- [Data records]:
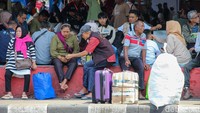 Belum Tanggal Puncak, Arus Mudik Sudah Terasa di Terminal Kampung Rambutan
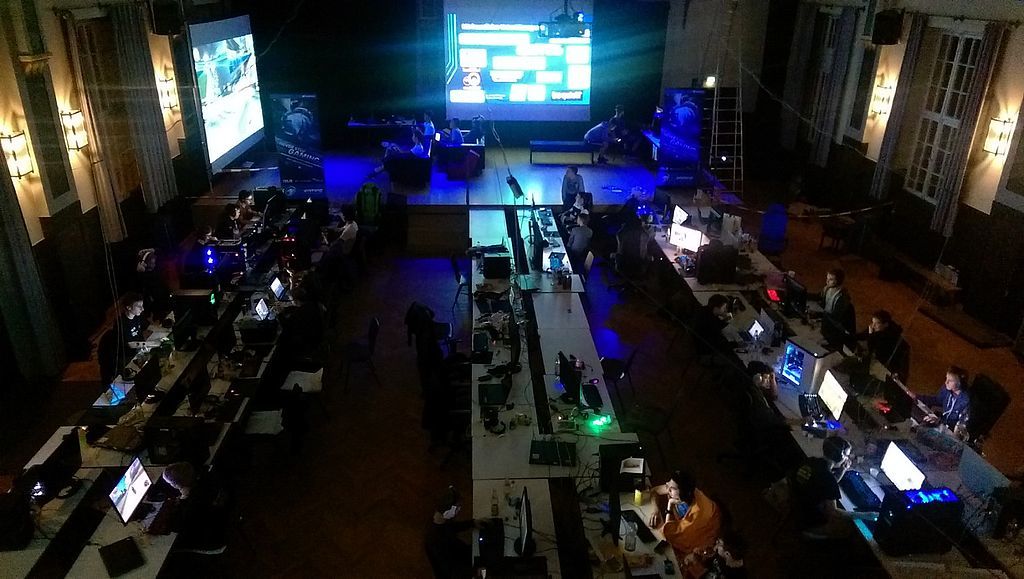 Mehr Licht als die wenigen elektrischen Lampen geben die kleinen Computerbildschirme und die Videoleinwände bei der nächtlichen LAN-Party im Schiller-Saal des Gymnasiums.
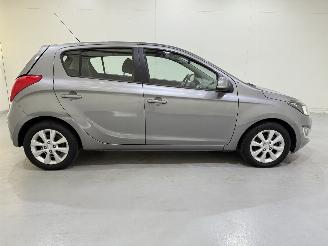 Hyundai I-20 HB 1.2i i-Deal Airco NAP picture 42
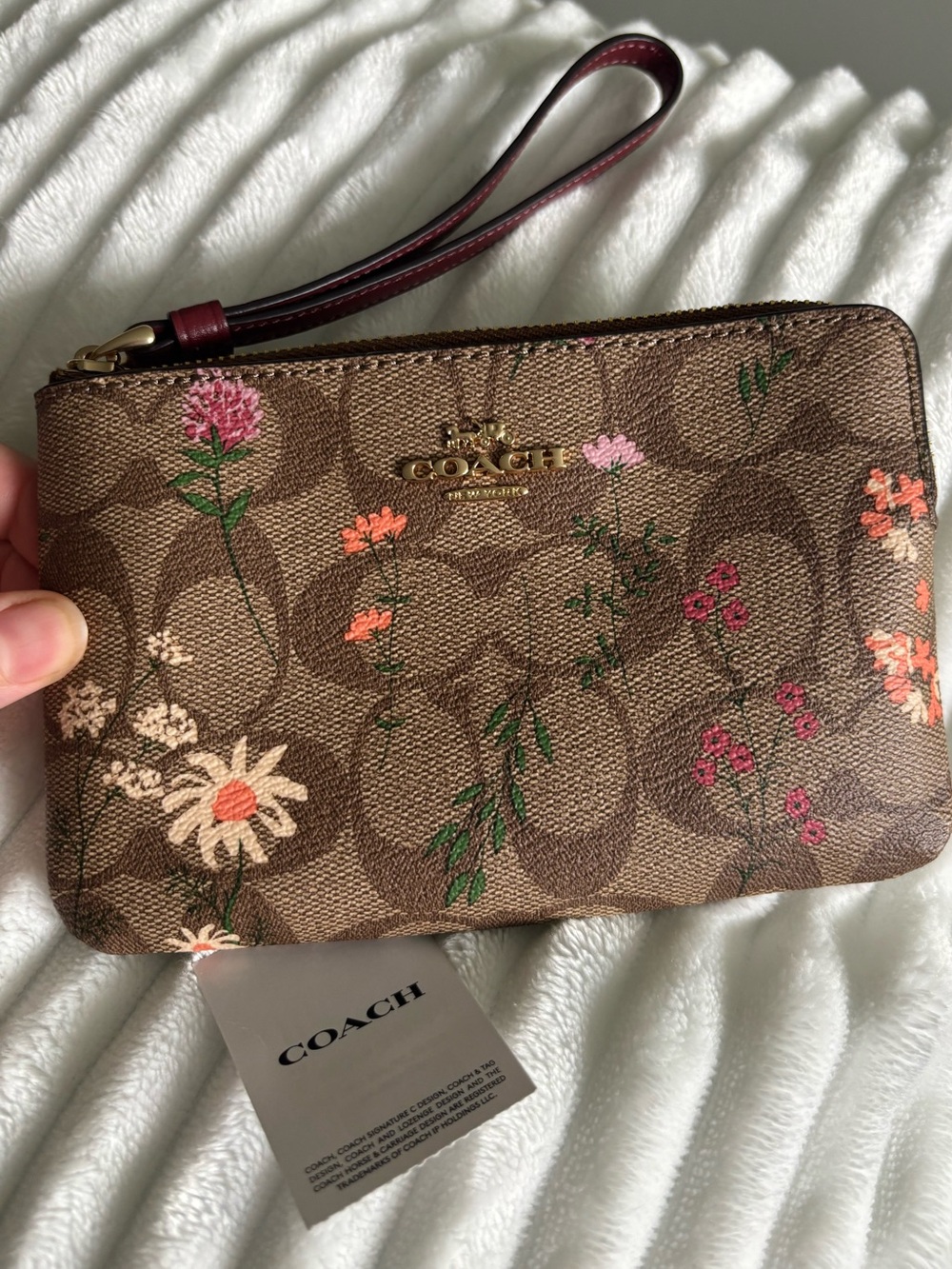 New Coach Wildflower Signature Canvas Wristlet Wallet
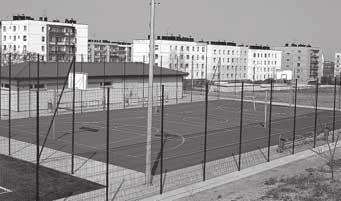 lipca 2009 r. do kwietnia br. realizowano budowę boisk sportowych przy Od ul. Akacjowej w ramach programu Orlik 2012.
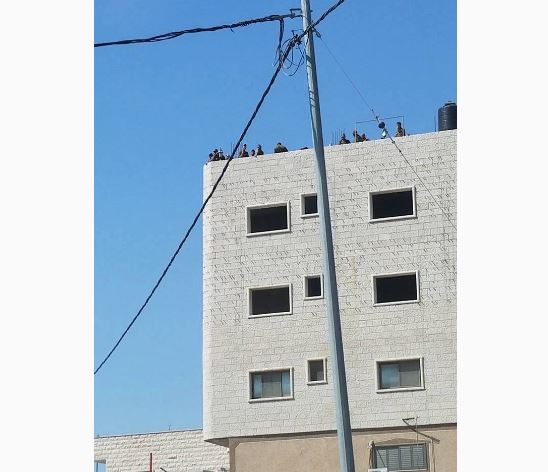 عشرات الجنود الصهاينة يحتلون بناية وسط حوارة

- [Task to complete]:
Set the whole listing down again unchanged, apart from the pictures, which are omitted.

- [Finished exercise]:
 Belum Tanggal Puncak, Arus Mudik Sudah Terasa di Terminal Kampung Rambutan
 Mehr Licht als die wenigen elektrischen Lampen geben die kleinen Computerbildschirme und die Videoleinwände bei der nächtlichen LAN-Party im Schiller-Saal des Gymnasiums.
 Hyundai I-20 HB 1.2i i-Deal Airco NAP picture 42
 New Coach Wildflower Signature Canvas Wristlet Wallet
 lipca 2009 r. do kwietnia br. realizowano budowę boisk sportowych przy Od ul. Akacjowej w ramach programu Orlik 2012.
 عشرات الجنود الصهاينة يحتلون بناية وسط حوارة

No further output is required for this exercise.